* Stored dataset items
━━━━━━━━━━━━━━━━

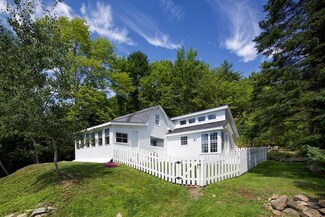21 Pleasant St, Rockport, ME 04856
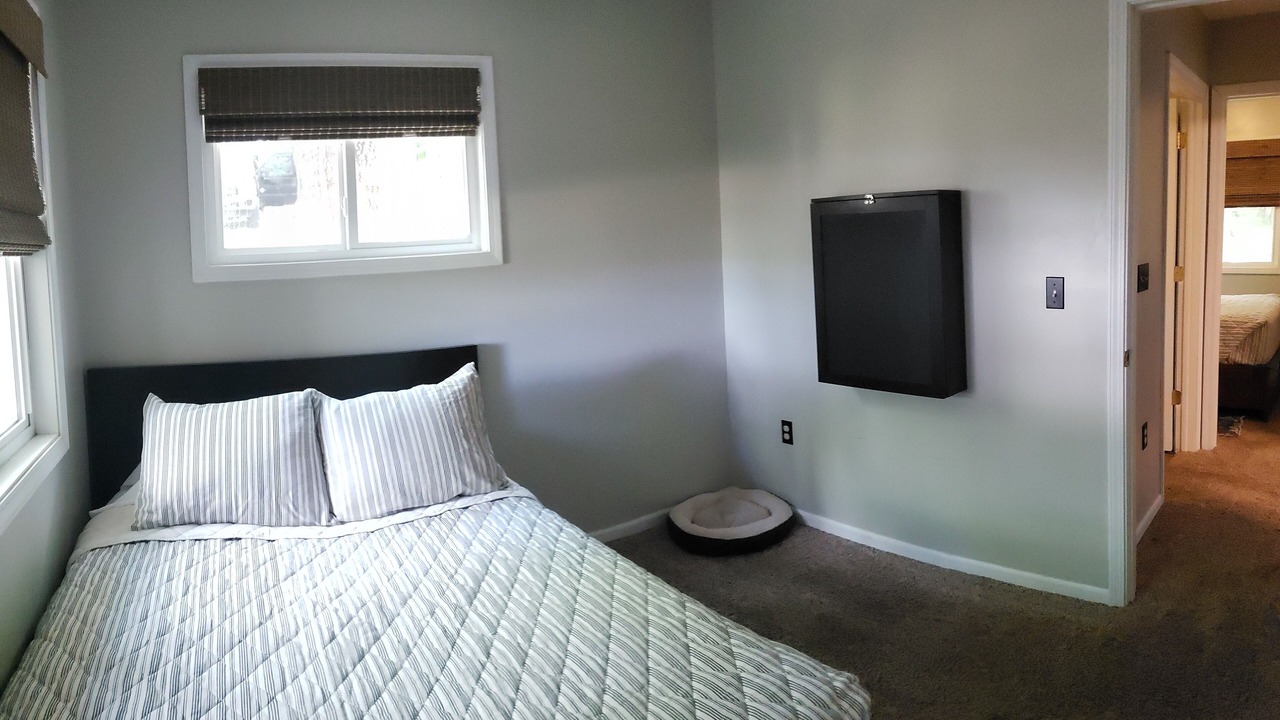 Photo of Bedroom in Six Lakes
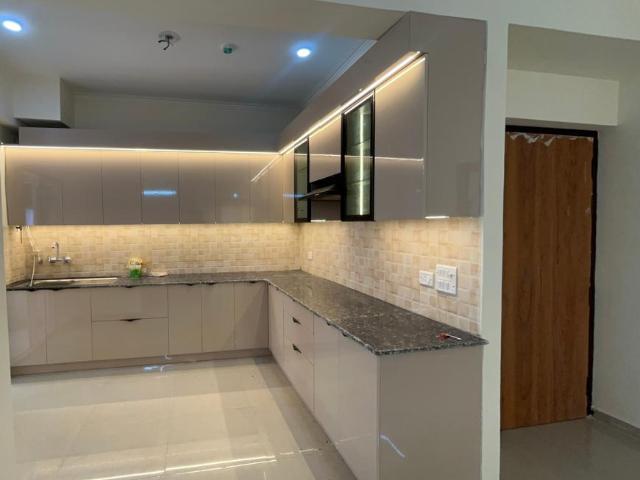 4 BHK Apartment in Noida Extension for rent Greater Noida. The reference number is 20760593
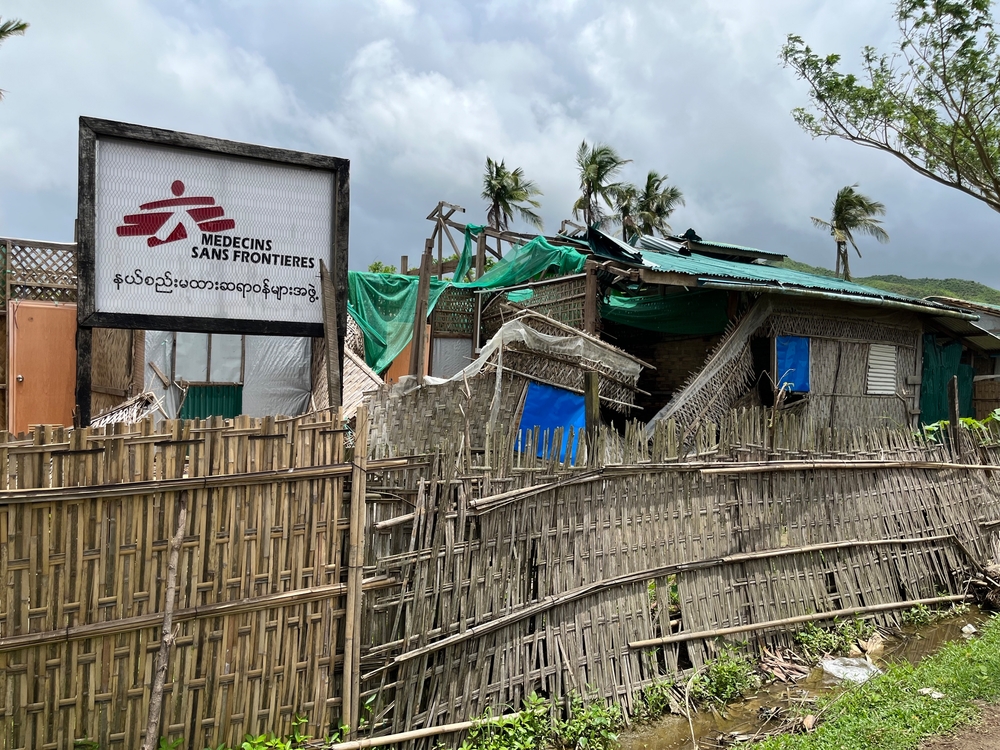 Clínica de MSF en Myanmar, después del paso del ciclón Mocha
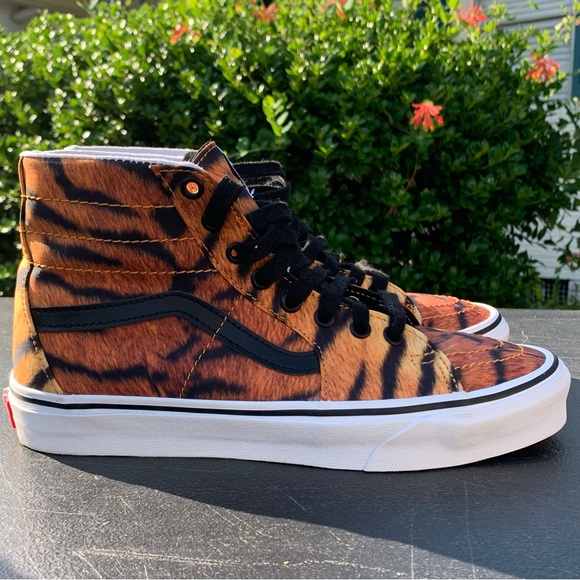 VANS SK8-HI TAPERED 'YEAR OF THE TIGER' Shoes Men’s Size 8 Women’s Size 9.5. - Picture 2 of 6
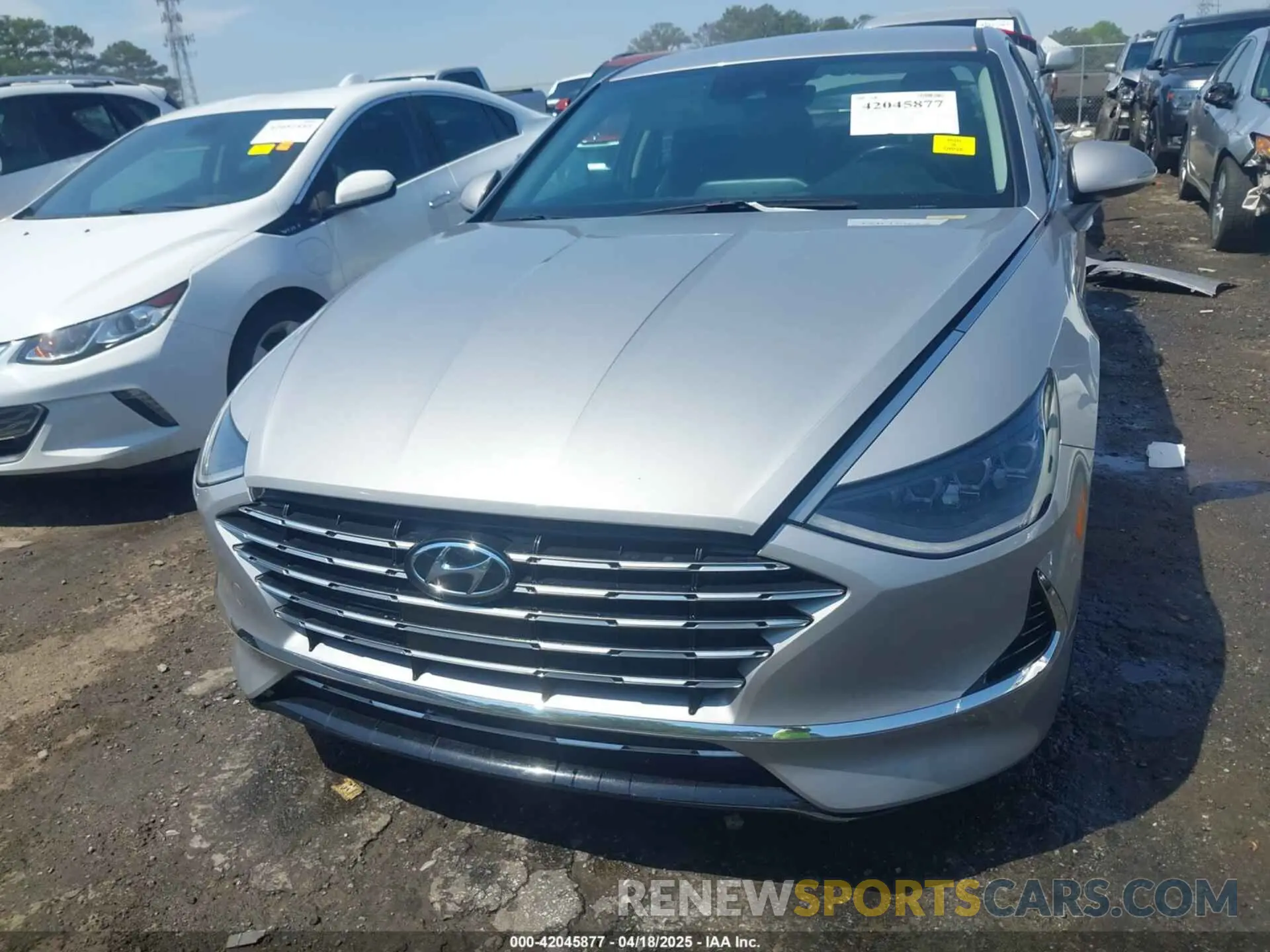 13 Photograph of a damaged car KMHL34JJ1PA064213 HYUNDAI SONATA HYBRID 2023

━━━━━━━━━━━━━━━━

* What this task involves
Copy every entry word for word, but omit the pictures.

* Answer section
21 Pleasant St, Rockport, ME 04856
 Photo of Bedroom in Six Lakes
 4 BHK Apartment in Noida Extension for rent Greater Noida. The reference number is 20760593
 Clínica de MSF en Myanmar, después del paso del ciclón Mocha
 VANS SK8-HI TAPERED 'YEAR OF THE TIGER' Shoes Men’s Size 8 Women’s Size 9.5. - Picture 2 of 6
 13 Photograph of a damaged car KMHL34JJ1PA064213 HYUNDAI SONATA HYBRID 2023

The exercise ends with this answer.